Exercise inputs:

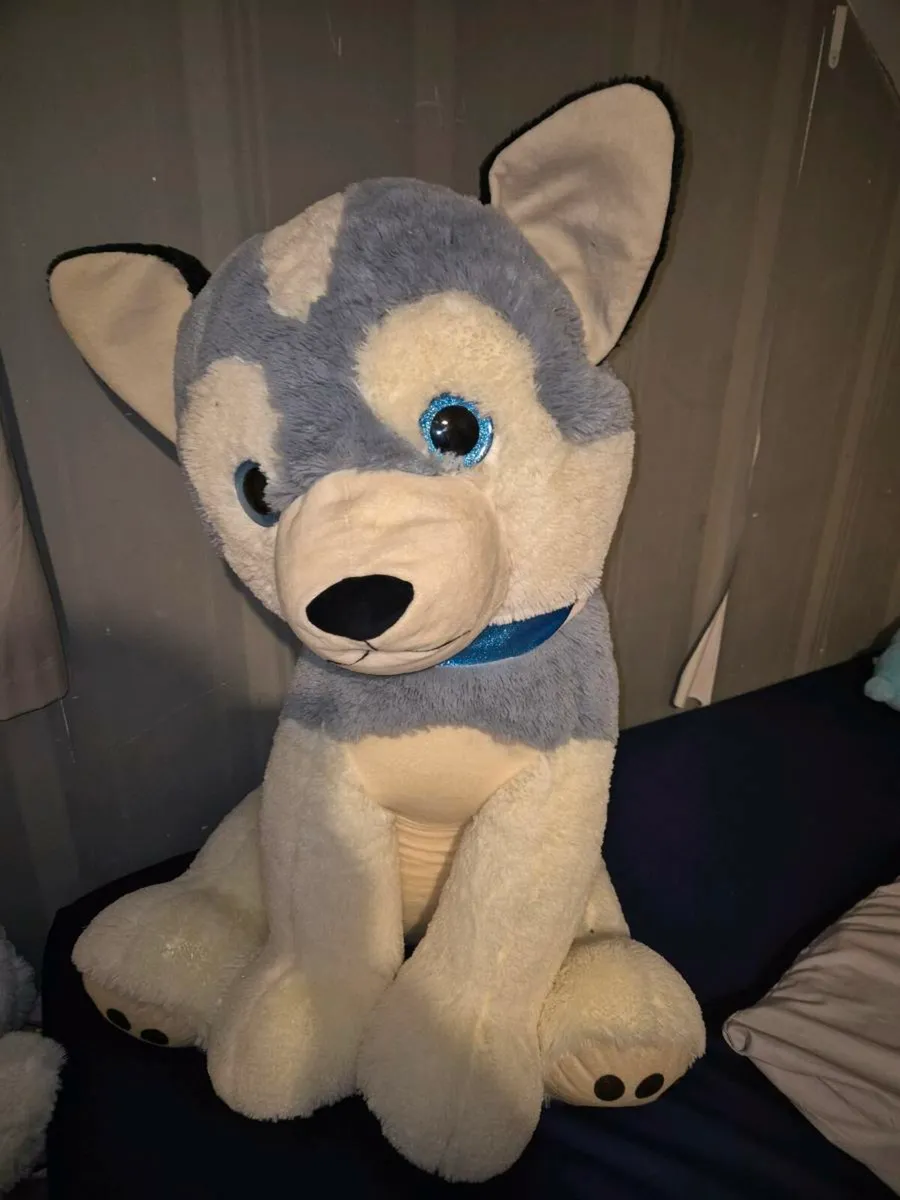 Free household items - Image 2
...
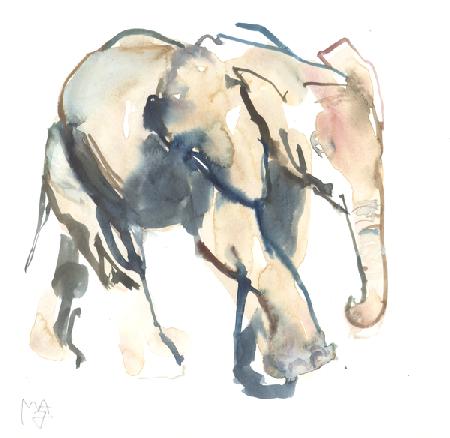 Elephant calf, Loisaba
* * *
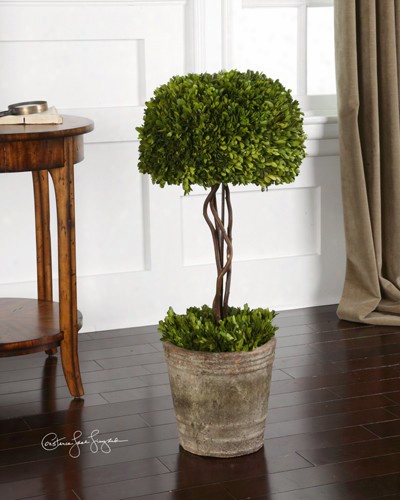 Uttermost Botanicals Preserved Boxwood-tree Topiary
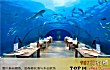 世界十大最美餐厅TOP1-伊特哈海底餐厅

Problem details: Of the lines above, copy only those from the one holding "Uttermost Botanicals Preserved" to the one holding "世界十大最美餐厅TOP1-伊特哈海底餐厅", both included, and exclude every image.

Output below:
 Uttermost Botanicals Preserved Boxwood-tree Topiary
 世界十大最美餐厅TOP1-伊特哈海底餐厅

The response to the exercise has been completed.